A recent study published in the journal Clinical Interventions in Aging found that higher vitamin D status was positively correlated with the improvement in muscle relief and performance of physically active older individuals.
Past research has reported that vitamin D and calcium supplementation result in significant enhancements in the neuromuscular and skeletal muscle functions in the elderly population. Furthermore, most evidence supports the thesis that vitamin D status is linked to muscle power and force. These findings are explained by the ability of vitamin D to increase type II muscle fiber sizes, improving reaction, balance and performance.
Physical activity plays a vital role in maintaining one’s health and preventing disease through all stages of life. However, as one gets older, it becomes more difficult to exercise without experiencing injuries or soreness. Physical activity-induced muscle injury, especially muscle soreness, is routinely assessed by increased levels of specific muscle proteins and enzymes, including creatine kinase (CK), hydroxyproline, troponin I and lactic acid dehydrogenase. Using these fatigue biomarkers, researchers recently conducted a study to evaluate the relationship between vitamin D status and muscle fatigue among healthy older individuals.
A total of 85 healthy Saudi individuals between the ages of 64 and 96 years were enrolled into the study. The researchers measured vitamin D status, total antioxidant capacity (TAC) activity, muscle fatigue biomarkers and pain. Physical activity has been shown to reduce the risk of cardiovascular and metabolic disease through increasing TAC activity.
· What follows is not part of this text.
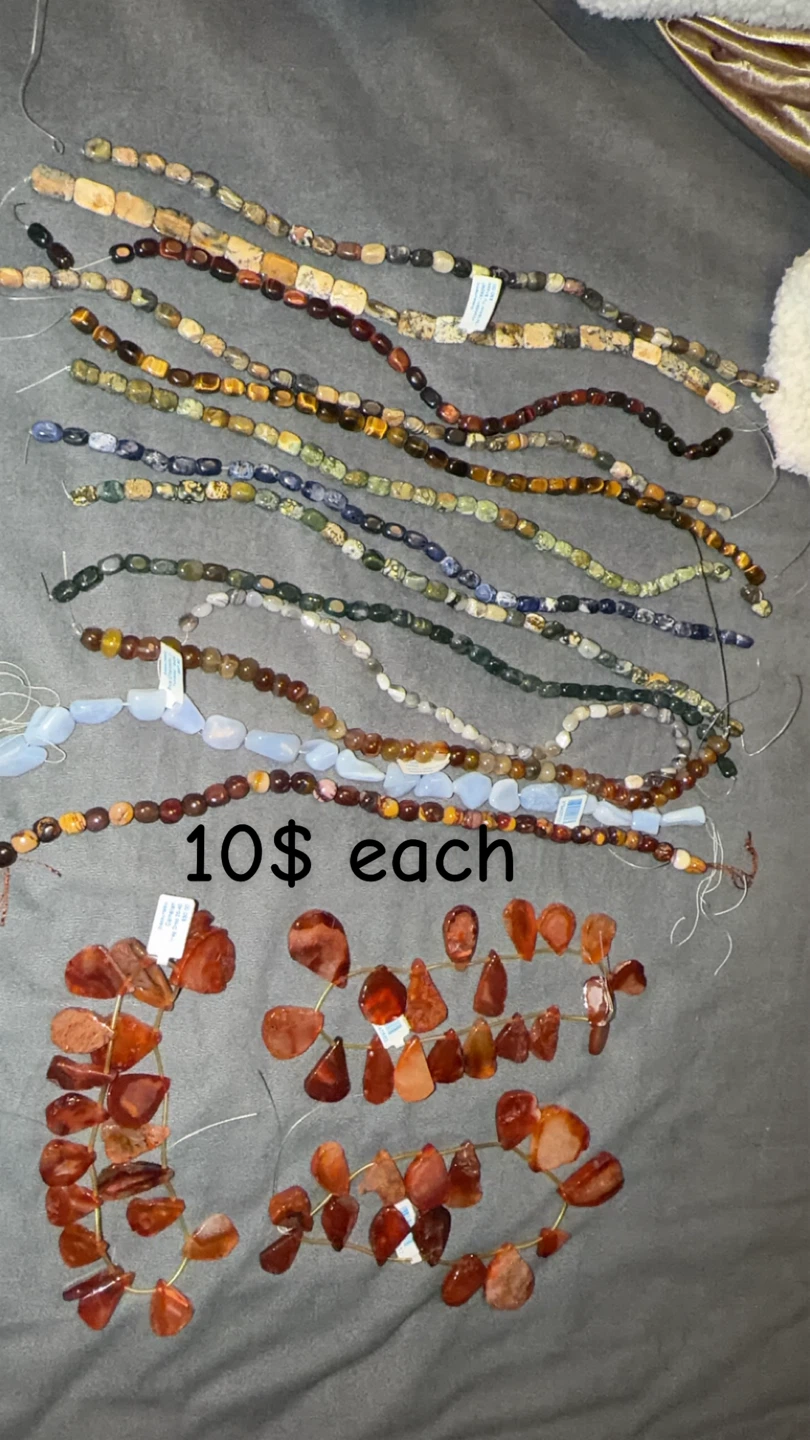 Jewelry/stones 10$ each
Here is what the researchers found:
- Vitamin D status was positively associated with calcium, TAC and physical activity scores (p < 0.05).
- Vitamin D status was negatively correlated with body mass index, serum triglyceride levels, cholesterol levels, pain and muscle fatigue biomarkers (p < 0.05).
- Vitamin D status, physical activity, calcium levels, TAC and demographic parameters explained approximately 61.4%-85.8% of reduction in pain scores and muscle fatigue biomarkers.
The researchers stated,
“These results demonstrate that 25(OH)D concentrations and calcium might prevent muscle fatigue by regulation of the biosynthesis of CK, LDH, troponin I, and hydroxyproline via a proposed anti-free radical mechanism reported by higher TAC activity.”
The study has a few important limitations to note. First, the study design was cross-sectional, meaning that the study only proves association. Additionally, the study consisted of a relatively small sample size.
Randomized controlled trials are needed to evaluate the effects of vitamin D supplementation on muscle fatigue and its biomarkers.